SOURCE DATA →

-----

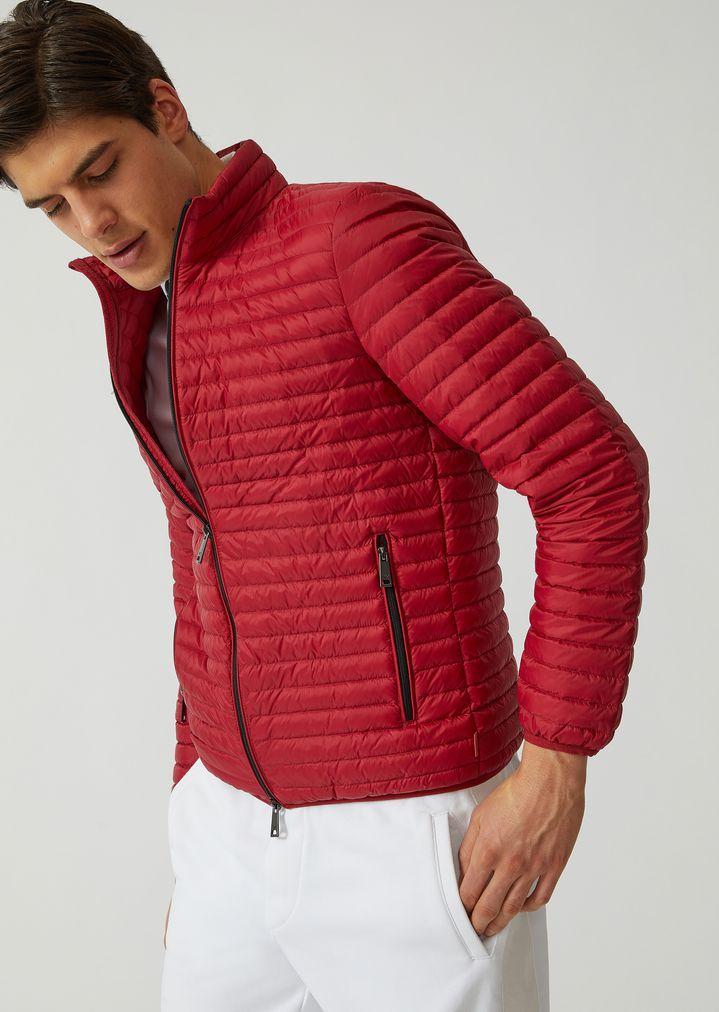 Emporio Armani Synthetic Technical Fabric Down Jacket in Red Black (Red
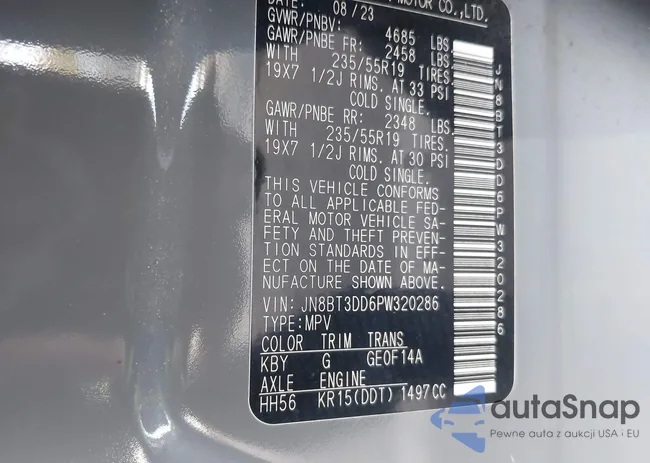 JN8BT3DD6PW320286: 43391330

-----

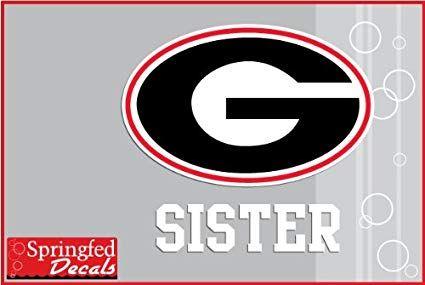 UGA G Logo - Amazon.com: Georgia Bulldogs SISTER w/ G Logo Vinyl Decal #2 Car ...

-----

EXERCISE → Would you please reproduce the entries above, starting at the line with "Emporio Armani Synthetic" and stopping after the line with "JN8BT3DD6PW320286: 43391330"? Omit any pictures.

SOLUTION TO THE PROBLEM →
 Emporio Armani Synthetic Technical Fabric Down Jacket in Red Black (Red
 JN8BT3DD6PW320286: 43391330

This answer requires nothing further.